Ayer fui a una misa acompañada de entierro en la iglesia de
Santa Agnés de Corona.
Es un minúsculo pueblo en Ibiza. Tan pequeño que sólo tiene
una iglesia, dos bares y una tienda de artesanía de cuero, que lleva mil años
abierta pero que yo siempre veo cerrada. En el pueblo no hay casas, los
parroquianos viven desperdigados por ese precioso valle lleno de almendros que
justamente ahora están en flor y dan ese aspecto de valle nevado que tanto
gusta a poetas, a enamorados y a moteros. No sé qué les ha dado a los moteros
con el pobre valle, pero cada domingo lo inundan de un ruido infernal. ¡Qué
pesados!
En la iglesia estaban todos los payeses de Corona vestidos
de domingo. Probablemente yo era la única forastera, así nos llaman a los no
autóctonos aunque vivamos aquí toda la vida.
No cabía un alfiler y me quedé de pié al fondo observándoles
a todos de espaldas. Todos tienen un tamaño similar, tanto de alto como de
ancho. Todos visten igual. Los mismos
colores, los mismos abrigos, las mismas chaquetas, los mismos peinados, las
mismas coronillas calvas, los mismos zapatos, los mismos pendientes, las mismas
barrigas. Ese aspecto tan igual acompañado de movimientos exactos era muy
curioso.
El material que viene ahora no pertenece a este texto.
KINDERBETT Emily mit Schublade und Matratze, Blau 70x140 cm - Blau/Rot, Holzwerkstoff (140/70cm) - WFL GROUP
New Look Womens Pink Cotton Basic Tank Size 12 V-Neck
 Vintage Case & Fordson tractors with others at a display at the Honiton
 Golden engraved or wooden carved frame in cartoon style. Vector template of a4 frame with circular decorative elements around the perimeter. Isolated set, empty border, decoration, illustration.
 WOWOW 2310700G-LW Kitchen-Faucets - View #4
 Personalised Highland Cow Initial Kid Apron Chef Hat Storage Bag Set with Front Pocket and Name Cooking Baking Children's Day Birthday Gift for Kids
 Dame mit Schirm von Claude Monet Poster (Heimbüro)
Saben los rituales de la misa y por tanto se levantaban a la vez, se
persignaban a la vez, decían las mismas palabras a la vez. Aquella extraña
coreografía uniformada me hizo sentir mucho más forastera de lo habitual.
El momento de darse la paz me sentó bien, no sé cuantas
manos se me acercaron a saludar. Me gustó.
El caso es que además de fijarme en ellos, en la voz del
cura que pensé que lloraba y luego me di cuenta de que se ahoga un poco al
hablar y por eso parece que solloza, en el cirio encendido enorme y nuevo, en
una cerámica pintada de San Juan Bautista que había a mi derecha, el pobre en una
postura tan rara que parecía una ninfa del bosque borracha – vi que el payés
que había a mi izquierda también lo miraba con cara de extrañeza- , en lo
bonita que es la imagen de Santa Inés
con su espiga y su corderito, en una tela de araña de una de las columnas, en el mantel que
cubría la mesa debajo de San Juan, que seguramente lo ha bordado alguna mujer
del pueblo, en el sol que entraba por la puerta casi hasta el altar, además,
pensé en Toni. Pensé en lo triste que estaba y en lo que agradecía que hubiéramos
ido. Pensé en ese adiós que damos todos juntos a quien se va para siempre.
Pensé en la abuela de Toni que lo ha criado ya que su madre murió cuando él era
pequeño. Pensé que esta mujer, como muchos de los que ayer estaban en la
iglesia, había nacido y muerto en el mismo valle del que nunca salió. Una vida
entera en el mismo lugar, sin moverse apenas a los demás pueblos de la isla.
Pensé en islas dentro
de islas.
También pensé en mí, pero ese es otro cuento.